Hence this is just a special case of has been considered in Sect. 3 and therefore converging inner approximations of \(\mathbf {R}_f\) can be obtained as in Theorems 3 and 5.

Example 1

For instance suppose that \(f:\mathbb {R}^n\times \mathbb {R}^m\rightarrow \mathbb {R}\) is the semi-algebraic function \((\mathbf {x},\mathbf {y})\mapsto f(\mathbf {x},\mathbf {y}):=\min [q_1(\mathbf {x},\mathbf {y}),q_2(\mathbf {x},\mathbf {y})]\). Then using \(a\wedge b=\frac{1}{2}(a+b-\vert a-b\vert )\) and \(\vert a-b\vert =\theta \ge 0\) with \(\theta ^2=(a-b)^2\),

$$\begin{aligned} \widehat{\mathbf {K}}&= \left\{ (\mathbf {x},\mathbf {y},v,w)\right. : (\mathbf {x},\mathbf {y})\in \mathbf {K};\,w^2=(q_1(\mathbf {x},\mathbf {y})-q_2(\mathbf {x},\mathbf {y}))^2; \quad w\ge 0;\\&\left. 2v=q_1(\mathbf {x},\mathbf {y})+q_2(\mathbf {x},\mathbf {y})-w\right\} , \end{aligned}$$

and

$$\begin{aligned} \varPsi _f\,=\,\{\,(\mathbf {x},\mathbf {y},f(\mathbf {x},\mathbf {y})):(\mathbf {x},\mathbf {y})\in \mathbf {K}\,\}\,=\,\{(\mathbf {x},\mathbf {y},v):\,(\mathbf {x},\mathbf {y},v,w)\,\in \,\widehat{\mathbf {K}}\}. \end{aligned}$$

4.2 Convex inner approximations

It is worth mentioning that enforcing convexity of inner approximations of \(\mathbf {R}_f\) is easy. But of course there is some additional computational cost and the convergence in Theorem 3 is lost in general.

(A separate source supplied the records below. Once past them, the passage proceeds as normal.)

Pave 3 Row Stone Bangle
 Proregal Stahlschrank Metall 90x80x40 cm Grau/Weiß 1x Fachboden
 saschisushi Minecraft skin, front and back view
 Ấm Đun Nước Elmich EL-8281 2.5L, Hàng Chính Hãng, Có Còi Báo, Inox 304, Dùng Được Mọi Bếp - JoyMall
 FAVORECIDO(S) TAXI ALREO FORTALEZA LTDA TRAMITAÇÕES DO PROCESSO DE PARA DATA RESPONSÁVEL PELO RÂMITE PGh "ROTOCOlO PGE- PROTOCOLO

To enforce convexity of the level set \(\{\mathbf {x}\in \mathbf {B}: p^*_k(\mathbf {x})\le 0\}\) it suffices to require that \(p^*_k\) is convex on \(\mathbf {B}\), i.e., adding the constraint

$$\begin{aligned} \langle \mathbf {u},\nabla ^2 p^*_k(\mathbf {x})\,\mathbf {u}\rangle \,\ge \,0,\qquad \forall (\mathbf {x},\mathbf {u})\in \mathbf {B}\times \mathbf {U}, \end{aligned}$$

where \(\mathbf {U}:=\{\mathbf {u}\in \mathbb {R}^n:\Vert \mathbf {u}\Vert ^2\le 1\}\). The latter constraint can in turn be enforced by the Putinar positivity certificate

$$\begin{aligned} \langle \mathbf {u},\nabla ^2 p^*_k(\mathbf {x})\,\mathbf {u}\rangle \,=\,\sum _{i=0}^{n}\omega _i(\mathbf {x},\mathbf {u})\,\theta _i(\mathbf {x}) +\omega _{n+1}(\mathbf {x},\mathbf {u})\,\theta _{n+1}(\mathbf {x},\mathbf {u}), \end{aligned}$$
(20)

for some SOS polynomials \((\omega _i)\subset \Sigma [\mathbf {x},\mathbf {u}]\) (and where \(\theta _{n+1}(\mathbf {x},\mathbf {u})=1-\Vert \mathbf {u}\Vert ^2\)).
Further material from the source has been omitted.